Grünen-Fraktionsvize Konstantin von Notz wirft Dobrindt vor, mit den verschärften Grenzkontrollen die Nachbarländer zu „vergrätzen“, den Grenzregionen sowie der deutschen Wirtschaft zu schaden und die Bundespolizei zu überfordern. „In spätestens drei Wochen wird die massive Überlastung Ihre Maßnahmen faktisch beenden“, sagt er. Kanzleramtsminister Thorsten Frei hatte am Mittwoch im Bundestag eingeräumt, „in alle Ewigkeit“ werde man die Kontrollen im aktuellen Ausmaß nicht fortsetzen können.

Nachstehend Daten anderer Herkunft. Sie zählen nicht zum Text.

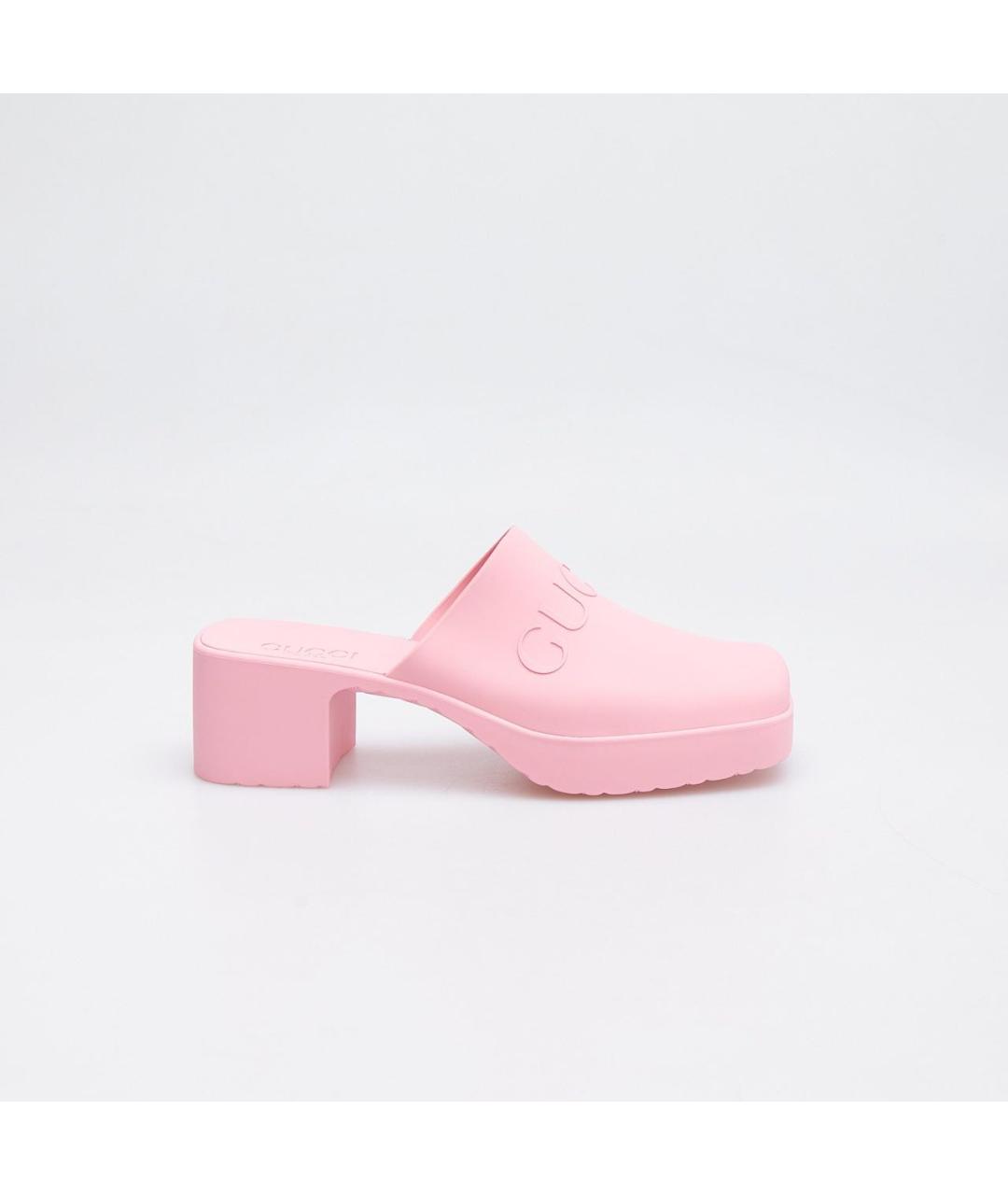 GUCCI Розовые резиновые мюли, фото 6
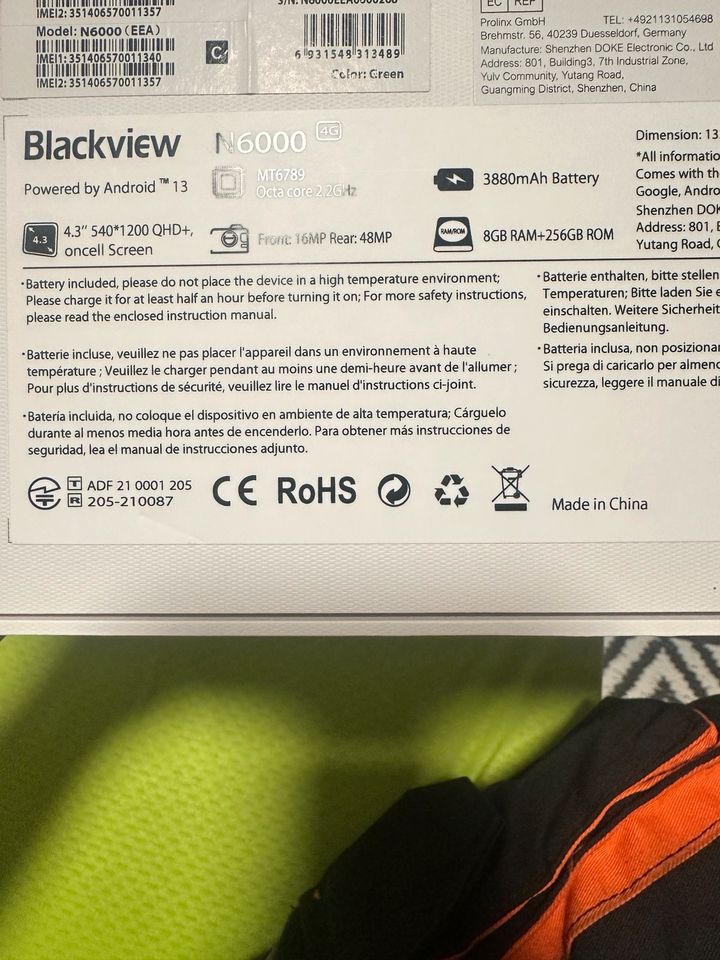 Blackview N6000 Outdoor 16/256gb nie genutzt baustellenhandy in Nienstädt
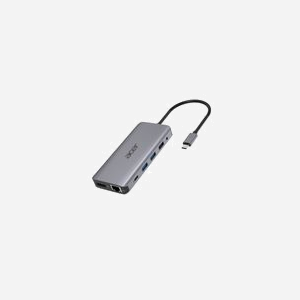 Acer Dongle 12-en-1 USB 3.2 Gen 1 Type-C Argent : 2x USB 2.0, 2x USB 3.2 Gen 1 Type-A, 2x HDMI 2.0, 1x DisplayPort 1.4, Ethernet Gigabit, Lecteur SD/MicroSD, Audio 3.5mm, Alimentation 100W, Compatible Windows/macOS/ChromeOS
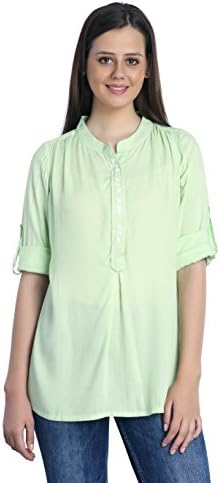 INSPIRE WORLD Rayon Material Formal Shirts for Women - Chinese Collar Long Shirt with Cuff Sleeves Women Clothing
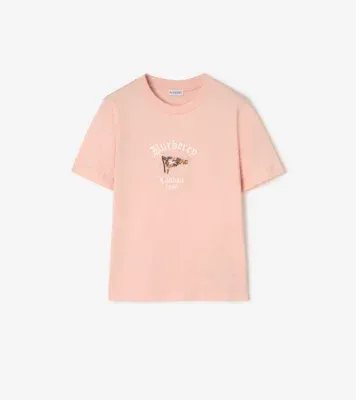 Check Flag Cotton T-shirt in Compact pink
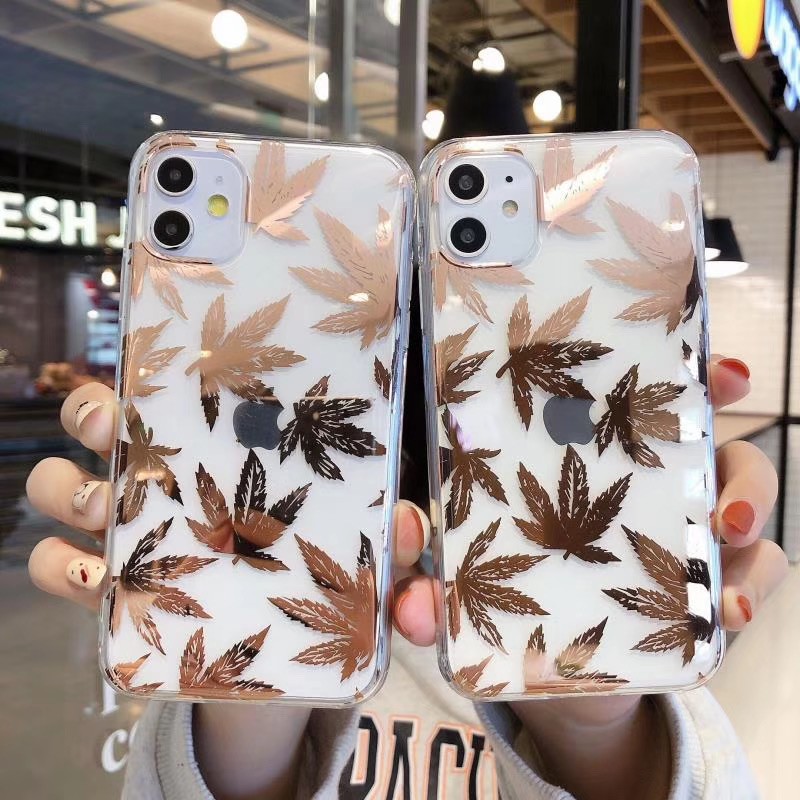 Golden hemp leaf Ốp lưng điện thoại iPhone11 Ốp lưng 11Promax 7Plus 7 8 8 X XR XSmax SE2020 Ốp lưng điện thoại Iphone vỏ mềm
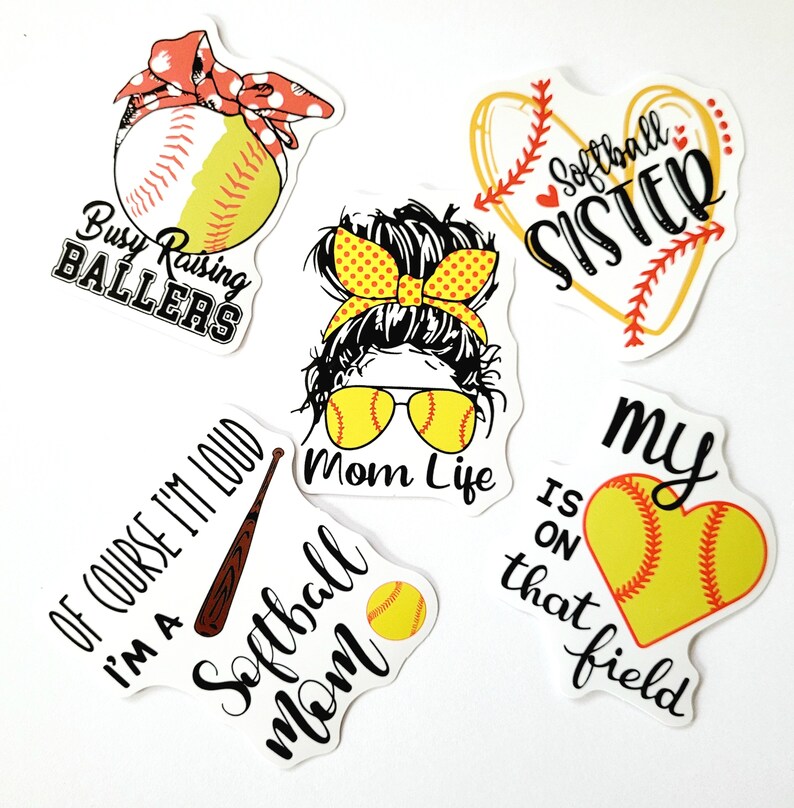 Softball Sticker Set Glossy Water Bottle Stickers Laptop Etsy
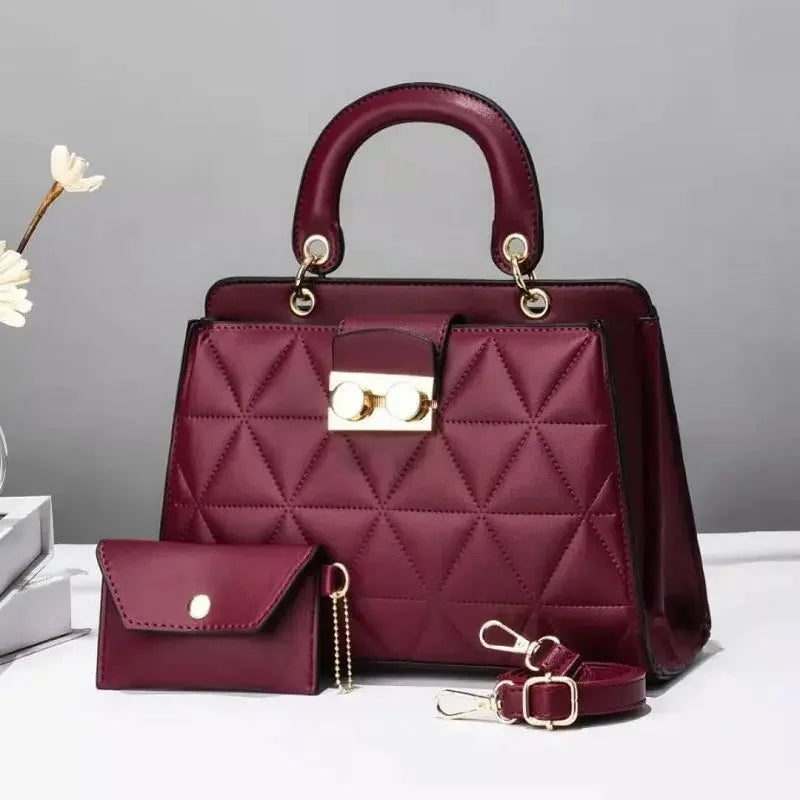 COnjunto Bolsa Tote + Carteira Feminina Minimalista em Couro Macio com Alça Transversal e Fecho em Zíper - ZAUVELLE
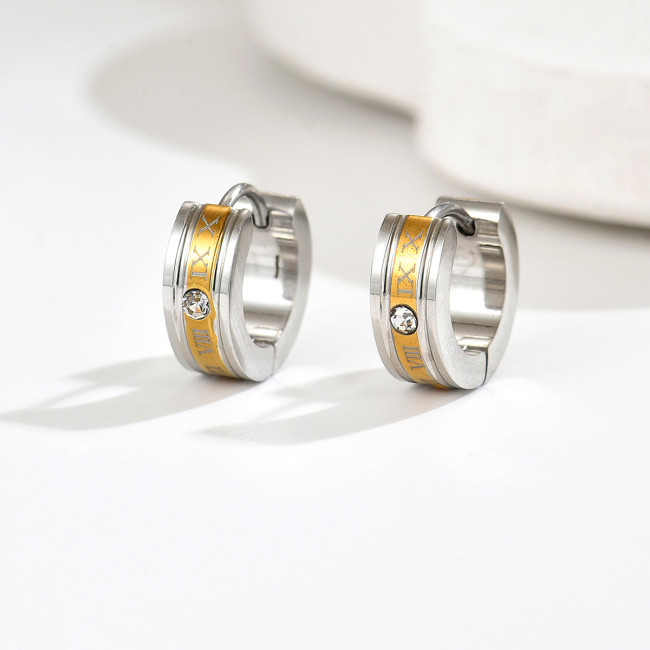Wholesale Stainless Steel Two-Tone Hoop Earrings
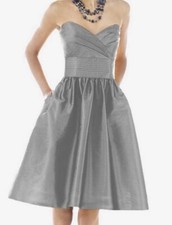 Alfred Sung Dress Size 4 Strapless Pewter Gray Fit & Flare Silk Dupioni pockets
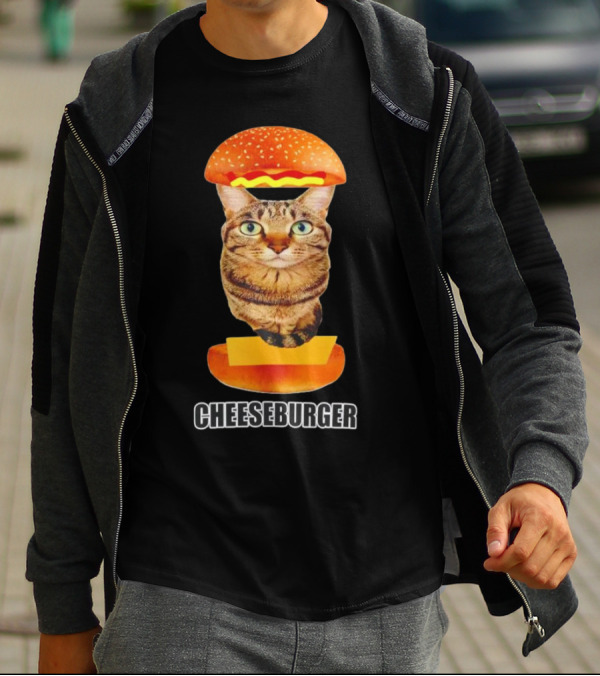 Cat Cheeseburger Head Sandwich T-Shirt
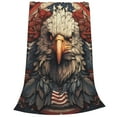 thumbnail image 3 of American Flag United States Navy Eagle Throw Blanket Decorative Soft Warm Flannel Plush Blankets for Sofa Chair Bed Office 80x60, 3 of 4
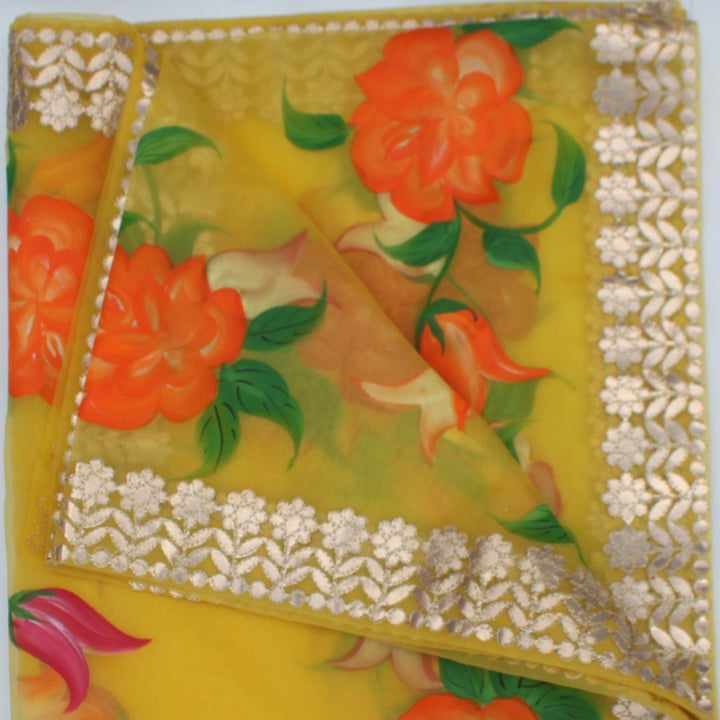 anokherang Dupattas Yellow Hand Painted Organza Dupatta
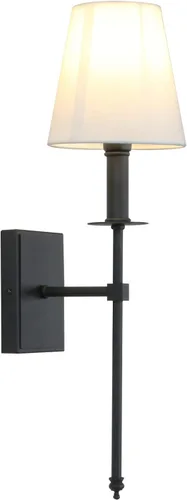 Miniatura 12 de PERMO Aplique de pared industrial rústico clásico con cable con pantalla textil blanca acampanada y soporte de columna cónico de níquel cepillado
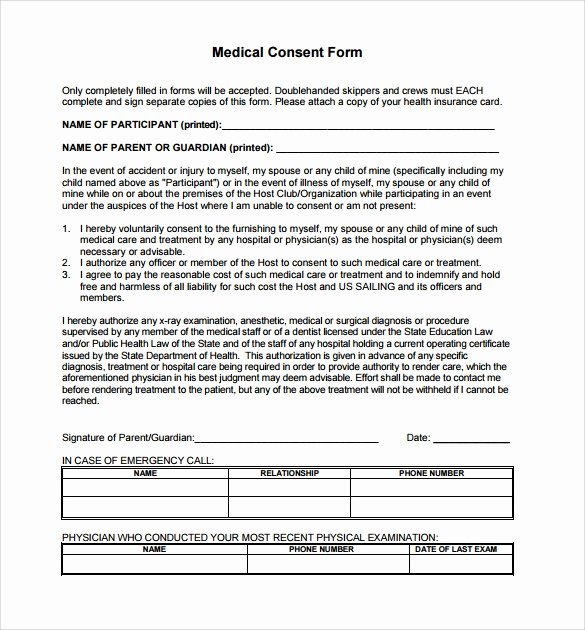 Medical Consent form Templates Unique Sample Medical Consent form 13 Free Documents In Pdf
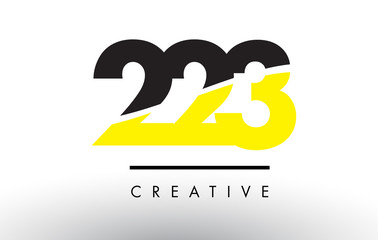 223 Black and Yellow Number Logo Design.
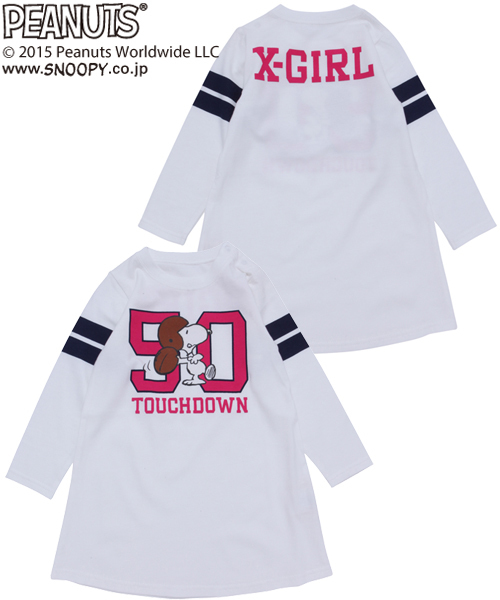X-girl Stages(エックスガールステージス)の「L/S TEE DRESS SNOOPY TOUCH DOWN(12M~3T)(ワンピース・キッズ・ホワイト/アッシュ/ネイビー・12M/2T/3T)」の2枚目の写真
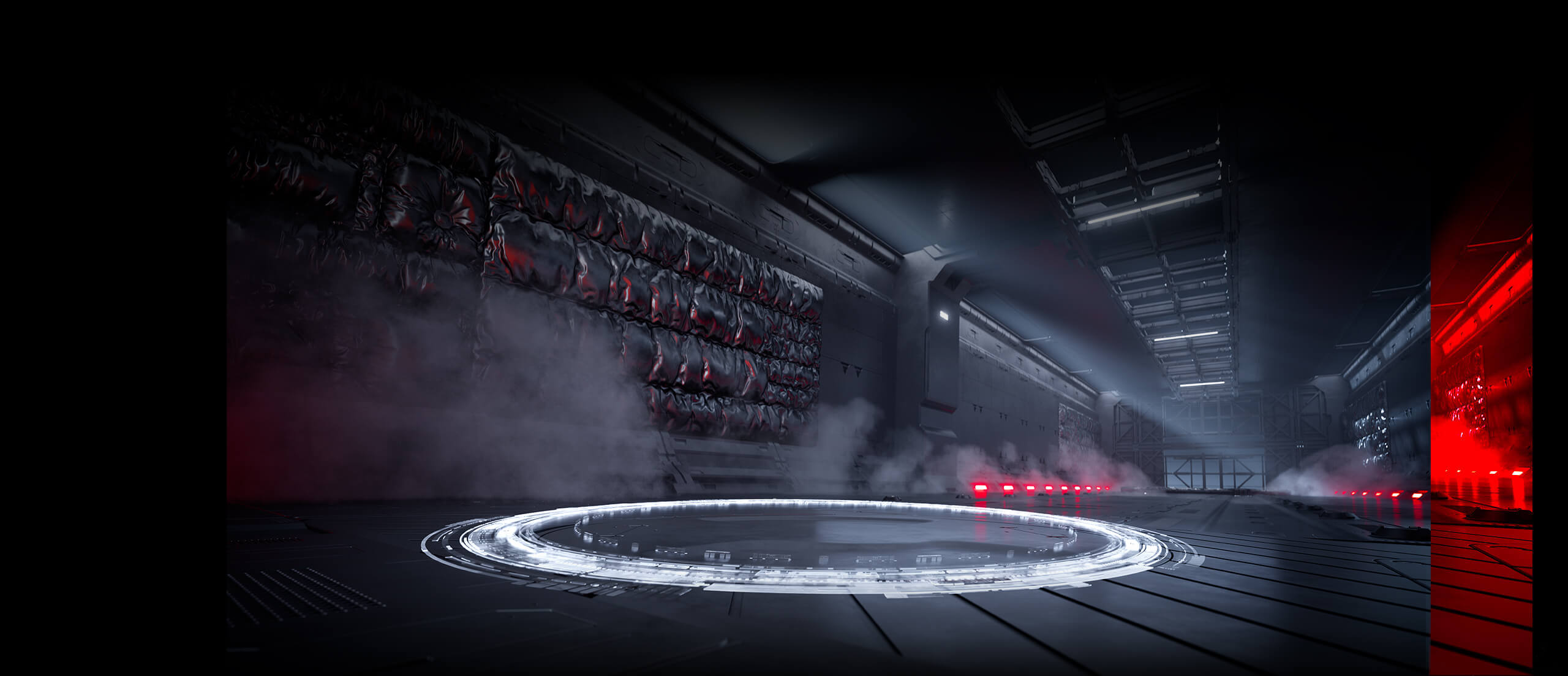 The ROG Chakram X is at the end of a long arena, hovering above a circle of light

Roßkopf sagte, dies sei nur „einige Wochen“ möglich, maximal „ganz wenige Monate“.
Auch die Linken-Innenpolitikerin Clara Bünger sagt, die Regierung habe in ihrer ersten Woche nur „Chaos“ geliefert. Am Donnerstag habe es geheißen, Merz habe eine Notlage nach Artikel 72 ausgerufen, „noch am selben Tag wurde das dementiert“. Die Zurückweisung von Asylsuchenden sei „ein Einstieg in eine Herrschaft des Unrechts“. Dobrindt hält sie vor, Positionen der AfD zu übernehmen: „Den Faschismus hält man nicht auf, indem man seine Forderungen übernimmt.“
Auf eine Zwischenfrage des Grünen-Abgeordneten Marcel Emmerich weist der CDU-Innenexperte Günter Krings die Annahme zurück, er habe heute eine andere Rechtsauffassung als in seiner Zeit als Staatssekretär im Bundesinnenministerium in den Jahren von 2013 bis 2021, als es keine Zurückweisungen an der Grenze gab. Krings betont, schon damals habe er gesagt, „dass wir die Zurückweisungen aussprechen können, aber nicht müssen“. Auch von der AfD werde behauptet, dies sei „eine Herrschaft des Unrechts“ gewesen. „Das weise ich zurück. Wir konnten diese Zurückweisungen durchführen. Wir mussten sie aber nicht durchführen“, sagt Krings unter Verweis auf das Asylgesetz. „Bei dieser Rechtsauffassung bleibe ich auch.“
Wie lange die Grenzkontrollen im aktuellen Ausmaß bestehen bleiben sollen, wird nicht wirklich klar. Im Koalitionsvertrag heißt es, sie sollen fortgesetzt werden „bis zu einem funktionierenden Außengrenzenschutz“ durch die EU beziehungsweise die Staaten am Rand der EU und bis die Regelungen des Gemeinsamen Europäischen Asylsystems in Kraft treten. Dobrindt will GEAS „nachschärfen“ und früher zur Anwendung kommen lassen. Stand jetzt soll das Regelsystem erst ab Sommer 2026 gelten.